How do we really know that having an absolute certainty in a glorious future is not a waste of time? (part 1)

It seems a strange question that anyone with hope/absolute certainty could doubt. Well, it does happen, doesn’t it?! But of course the critics are never far away with these and other questions.

Paul answers the question in 2 ways.

And hope does not put us to shame, because God’s love has been poured out into our hearts through the Holy Spirit, who has been given to us. You see, at just the right time, when we were still powerless, Christ died for the ungodly. Very rarely will anyone die for a righteous person, though for a good person someone might possibly dare to die. But God demonstrates his own love for us in this: While we were still sinners, Christ died for us. (Romans 5 v 5-8)

There it is.

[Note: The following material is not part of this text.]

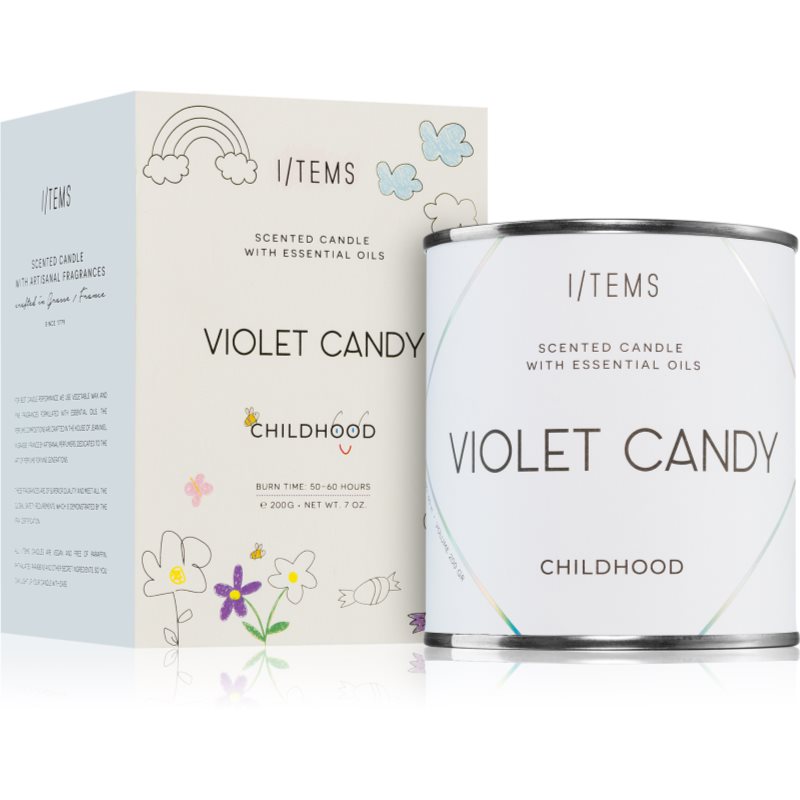 I/TEMS Special Edition Violet Candy Bougie Parfumée 200 G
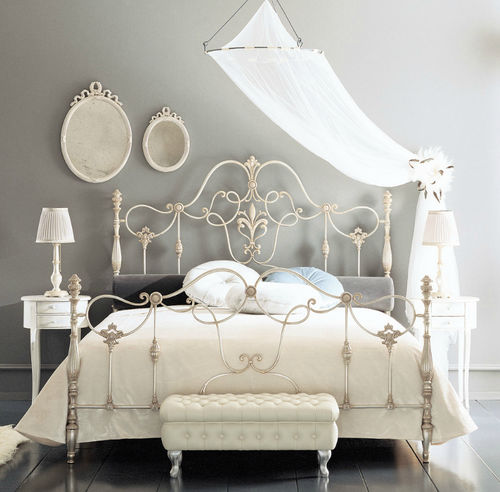 Letto matrimoniale - ERALD - GIUSTI PORTOS - in stile / in ferro battuto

We know our hope will not be disappointed because of God’s love for us; seen in the activity of the Holy Spirit and the cross of Christ.

See that word ‘poured’? I wonder what Paul must have been thinking when he used it. Was it the great outpouring of Pentecost? Though Paul wasn’t a receiver on that day he certainly knew the Holy Spirit filling his life post-conversion and so do we. The Holy Spirit in your life is constantly reminding you of God’s love for you. “You are a child of God”; “You belong to Him”; “You are under His gaze”; “He will bring you home”; and your responses are filled with even more hope, “It is well, with my soul”. That’s our answer. This hope will not be disappointed because we are reminded inwardly by the Holy Spirit of the love of God.

Some might say to us well all that is subjective.

So our proof of God’s love is the cross of Christ. To die for a loving person is one thing but to die for someone who is a sinner is another. He died for you and me whilst we were not worshipping Him and with our backs turned against Him.

Subjective and objective proof that God’s love means our hope for the future will not be disappointed.